2-(5-Bromo-3-(4-(dimethylamino)phenyl)-1-methyl-2-oxoindolin-3-yl)-1H-indene-1,3(2H)-dione (4h)

Cream powder (0.49 g, 90%); mp 220 °C dec; IR (KBr) (ν max, cm−1): 3420, 1742, 1715, 1701. 1H NMR (300 MHz, DMSO­d 6): δ H=2.50 (6H, s, 2CH3), 3.12 (3H, s, CH3), 4.91 (1H, s, CH), 6.65–8.31 (11H, m, H–Ar). 13C NMR (75 MHz, DMSO­d 6): δ C=26.9, 40.4, 55.1, 57.5, 111.4, 112.5, 113.9, 123.1, 123.2, 127.1, 128.0, 131.7, 132.0, 136.7, 141.7, 142.7, 150.6, 176.0, 197.2, 197.7. MS (EI, 70 eV) m/z: 490 (M+), 488 (M+). Anal. Calcd for C26H21BrN2O3: C, 63.81, H, 4.33; N, 5.72. Found: C, 63.70; H, 4.25; N, 5.61%.

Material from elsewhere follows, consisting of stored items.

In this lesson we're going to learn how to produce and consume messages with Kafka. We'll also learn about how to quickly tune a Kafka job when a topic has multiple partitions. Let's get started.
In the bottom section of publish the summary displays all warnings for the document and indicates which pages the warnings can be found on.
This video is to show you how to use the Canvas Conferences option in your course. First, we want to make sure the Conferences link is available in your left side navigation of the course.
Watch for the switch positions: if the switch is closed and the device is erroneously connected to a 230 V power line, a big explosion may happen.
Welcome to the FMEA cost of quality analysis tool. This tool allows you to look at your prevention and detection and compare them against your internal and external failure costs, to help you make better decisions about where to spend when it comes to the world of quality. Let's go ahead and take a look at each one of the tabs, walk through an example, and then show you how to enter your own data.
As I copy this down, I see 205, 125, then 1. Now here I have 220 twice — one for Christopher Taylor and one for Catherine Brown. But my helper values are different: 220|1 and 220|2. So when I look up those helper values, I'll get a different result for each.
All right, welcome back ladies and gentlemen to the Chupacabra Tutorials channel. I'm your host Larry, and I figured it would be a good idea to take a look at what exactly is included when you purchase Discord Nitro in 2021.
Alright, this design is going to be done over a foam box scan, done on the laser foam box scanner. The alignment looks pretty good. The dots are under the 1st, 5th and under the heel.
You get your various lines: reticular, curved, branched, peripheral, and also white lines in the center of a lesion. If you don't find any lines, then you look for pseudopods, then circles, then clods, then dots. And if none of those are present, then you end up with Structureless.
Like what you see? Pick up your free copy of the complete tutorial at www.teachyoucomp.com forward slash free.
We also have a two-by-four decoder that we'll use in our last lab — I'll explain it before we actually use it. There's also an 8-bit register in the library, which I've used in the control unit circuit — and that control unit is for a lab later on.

2-(3-(4-(Dimethylamino)phenyl)-1-ethyl-5-nitro-2-oxoindolin-3-yl)-1H-indene-1,3(2H)-dione (4i)

Yellow powder (0.47 g, 85%); mp 220 °C dec; IR (KBr) (ν max, cm−1): 3085, 1748, 1732, 1711. 1H NMR (300 MHz, DMSO­d 6): δ H=1.19 (3H, t, J=6.8 Hz, CH3), 2.87 (6H, s, 2CH3), 3.77–3.81 (2H, m, CH2), 5.09 (1H, s, CH), 6.65–8.23 (11H, m, H–Ar). 13C NMR (75 MHz, DMSO­d 6): δ C=12.3, 35.4, 40.4, 54.6, 57.7, 109.7, 112.6, 120.0, 123.3, 123.6, 126.6, 127.9, 130.6, 136.8, 136.8, 141.6, 142.4, 142.7, 149.8, 150.1, 176.6, 197.0, 197.4. MS (EI, 70 eV) m/z: 469 (M+). Anal. Calcd for C27H23N3O5: C, 69.07, H, 4.94; N, 8.95. Found: C, 69.13; H, 4.99; N, 8.87.

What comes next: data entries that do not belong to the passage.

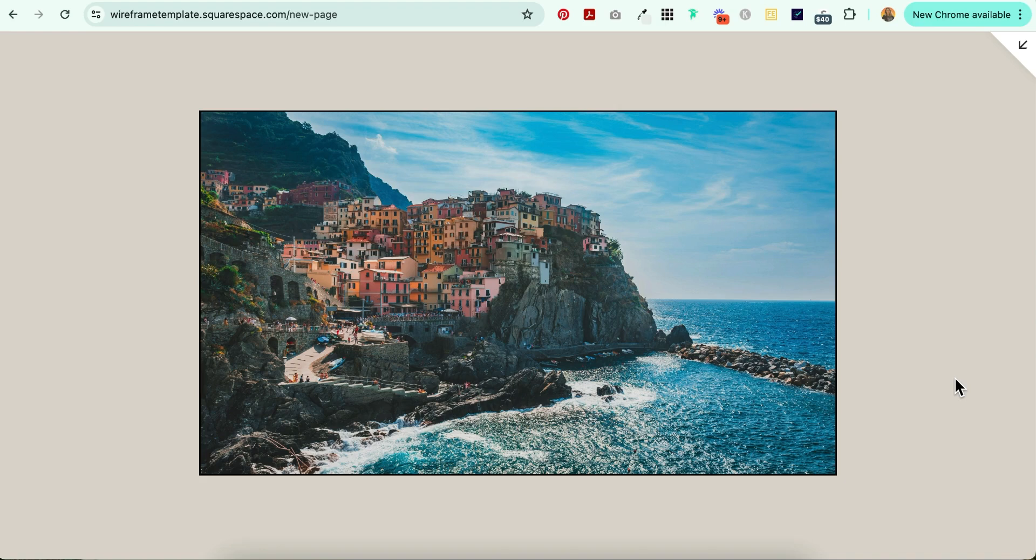Hey everybody, Jen here of Gen X Website Design and Strategy, and in this video I'm going to show you how to add a border to an image block in Squarespace using a little bit of CSS.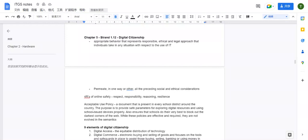Today we'll be continuing chapter five, starting on a new strand called digital citizenship. We have definitely heard it many times, but we are going to talk about it again in the ITGS framework.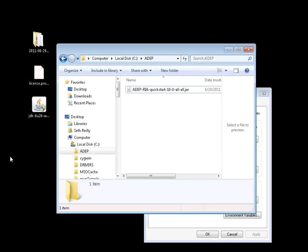Hello, welcome to the Adobe Digital Enterprise Platform Developer video series. Today we're going to be taking a look at installing and running the ADEP RIA QuickStart.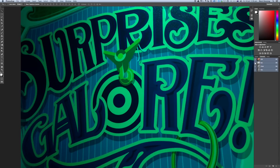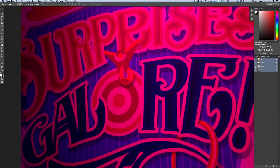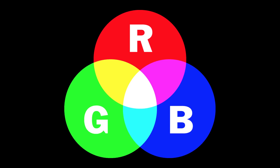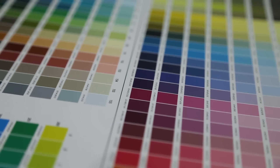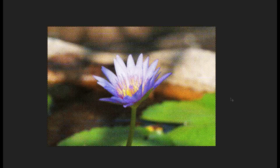But what does RGB stand for? It's the colors that make all colors on your computer screen: red, green, and blue. Percentages of all these colors create the full color spectrum. CMYK is the color breakup used to create all colors on the printed page: cyan, yellow, magenta, and black. Percentages of these colors create all your colors on the printed page.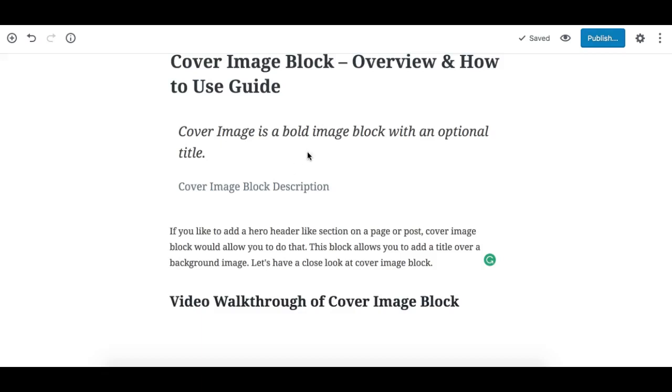Overview of the Cover Image Block. In this video we'll walk through another block in Gutenberg editor, which is the Cover Image Block. This block allows you to basically add a hero header-like section where you can have a background image and a title or large text on top of the image.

2-(1-(4-(Dimethylamino)phenyl)-2-oxo-1,2-dihydroacenaphthylen-1-yl)-1H-indene-1,3(2H)-dione (9)

Yellow powder (0.43 g, 73%); mp 284 °C dec; IR (KBr) (ν max, cm−1): 3278, 3075, 1717, 1654. 1H NMR (300 MHz, DMSO­d 6): δ H=2.81 (6H, s, 2CH3), 5.19 (1H, s, CH), 6.58–8.21 (14H, m, H–Ar). 13C NMR (75 MHz, DMSO­d 6): δ C=40.4, 58.3, 60.0, 112.4, 121.9, 122.9, 123.1, 125.3, 125.5, 128.3, 128.9, 129.4, 130.6, 131.9, 132.2, 136.4, 136.7, 138.9, 141.2, 141.6, 143.2, 149.8, 198.2, 201.0. MS (EI, 70 eV) m/z: 431 (M+). Anal. Calcd for C29H21NO3: C, 80.72, H, 4.91; N, 3.25. Found: C, 80.65; H, 4.99; N, 3.32%.

2-(4-(Dimethylamino)phenyl)-1H,1′H-2,2′-biindene-1,1′,3,3′(2H,2′H)-tetraone (10)

Yellow powder (0.41 g, 60%); mp 291 °C dec; IR (KBr) (ν max, cm−1): 3243, 3078, 1716, 1702. 1H NMR (300 MHz, DMSO­d 6): δ H=2.86 (6H, s, 2CH3), 4.76 (1H, s, CH), 6.64–7.99 (12H, m, H–Ar). 13C NMR (75 MHz, DMSO­d 6): δ C=40.4, 57.7, 109.7, 112.6, 120.0, 123.3, 123.8, 126.6, 127.9, 130.6, 135.8, 136.8, 141.6, 142.4, 142.7, 149.8, 150.1, 197.0, 197.4, 198.3, 199.9. MS (EI, 70 eV) m/z: 409 (M+). Anal. Calcd for C26H19NO4: C, 76.27, H, 4.68; N, 3.42. Found: C, 76.16; H, 4.60; N, 3.51%.